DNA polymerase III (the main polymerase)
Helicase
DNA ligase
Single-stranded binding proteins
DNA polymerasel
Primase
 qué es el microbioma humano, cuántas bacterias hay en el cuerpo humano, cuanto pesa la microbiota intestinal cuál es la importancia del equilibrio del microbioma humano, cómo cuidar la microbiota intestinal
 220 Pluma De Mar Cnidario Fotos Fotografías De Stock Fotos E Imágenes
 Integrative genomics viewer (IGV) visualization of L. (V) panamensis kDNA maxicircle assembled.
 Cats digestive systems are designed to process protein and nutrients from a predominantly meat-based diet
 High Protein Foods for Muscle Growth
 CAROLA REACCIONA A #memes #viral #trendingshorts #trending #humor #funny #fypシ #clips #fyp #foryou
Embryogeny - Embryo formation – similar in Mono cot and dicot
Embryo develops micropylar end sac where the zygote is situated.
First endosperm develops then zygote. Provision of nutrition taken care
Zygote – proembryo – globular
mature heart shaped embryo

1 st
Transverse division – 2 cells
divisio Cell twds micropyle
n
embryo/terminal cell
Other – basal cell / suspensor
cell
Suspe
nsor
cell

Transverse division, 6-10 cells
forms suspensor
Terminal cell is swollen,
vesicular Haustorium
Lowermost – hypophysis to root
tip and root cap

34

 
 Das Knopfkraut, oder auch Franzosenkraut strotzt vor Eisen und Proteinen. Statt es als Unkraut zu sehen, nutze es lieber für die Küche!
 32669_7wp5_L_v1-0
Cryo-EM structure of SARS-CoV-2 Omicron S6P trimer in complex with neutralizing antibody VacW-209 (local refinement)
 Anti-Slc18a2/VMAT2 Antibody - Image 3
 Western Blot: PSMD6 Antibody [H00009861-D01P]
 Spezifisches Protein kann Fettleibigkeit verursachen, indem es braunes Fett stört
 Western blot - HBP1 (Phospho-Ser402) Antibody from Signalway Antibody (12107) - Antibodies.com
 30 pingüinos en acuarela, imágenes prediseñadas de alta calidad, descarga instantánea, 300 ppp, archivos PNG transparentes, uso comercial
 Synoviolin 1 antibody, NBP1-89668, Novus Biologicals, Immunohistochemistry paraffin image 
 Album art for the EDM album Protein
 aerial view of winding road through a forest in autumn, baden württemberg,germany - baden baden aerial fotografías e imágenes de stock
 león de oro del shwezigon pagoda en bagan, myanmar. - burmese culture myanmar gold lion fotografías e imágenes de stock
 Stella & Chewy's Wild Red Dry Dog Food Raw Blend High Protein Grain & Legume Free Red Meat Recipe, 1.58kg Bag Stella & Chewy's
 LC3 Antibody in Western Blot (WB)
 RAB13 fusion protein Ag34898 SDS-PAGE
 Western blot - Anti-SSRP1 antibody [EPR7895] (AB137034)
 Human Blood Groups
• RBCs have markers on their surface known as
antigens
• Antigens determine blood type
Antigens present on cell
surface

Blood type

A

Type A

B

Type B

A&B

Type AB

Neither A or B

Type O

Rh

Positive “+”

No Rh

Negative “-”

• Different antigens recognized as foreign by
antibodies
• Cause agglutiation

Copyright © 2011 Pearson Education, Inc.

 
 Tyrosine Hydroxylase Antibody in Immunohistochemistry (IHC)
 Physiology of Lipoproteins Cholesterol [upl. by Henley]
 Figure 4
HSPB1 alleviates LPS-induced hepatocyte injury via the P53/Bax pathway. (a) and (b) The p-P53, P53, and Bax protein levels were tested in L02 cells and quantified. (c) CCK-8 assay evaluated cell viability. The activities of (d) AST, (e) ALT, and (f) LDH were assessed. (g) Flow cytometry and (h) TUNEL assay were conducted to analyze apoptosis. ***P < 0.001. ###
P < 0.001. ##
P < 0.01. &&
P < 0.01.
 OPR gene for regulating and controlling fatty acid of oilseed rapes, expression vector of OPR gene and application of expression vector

**Exercise details**.
Up to and including the line with "Integrative genomics viewer", reproduce the material above exactly as it appears, starting from its first line.

**Answer box**.
DNA polymerase III (the main polymerase)
Helicase
DNA ligase
Single-stranded binding proteins
DNA polymerasel
Primase
 qué es el microbioma humano, cuántas bacterias hay en el cuerpo humano, cuanto pesa la microbiota intestinal cuál es la importancia del equilibrio del microbioma humano, cómo cuidar la microbiota intestinal
 220 Pluma De Mar Cnidario Fotos Fotografías De Stock Fotos E Imágenes
 Integrative genomics viewer (IGV) visualization of L. (V) panamensis kDNA maxicircle assembled.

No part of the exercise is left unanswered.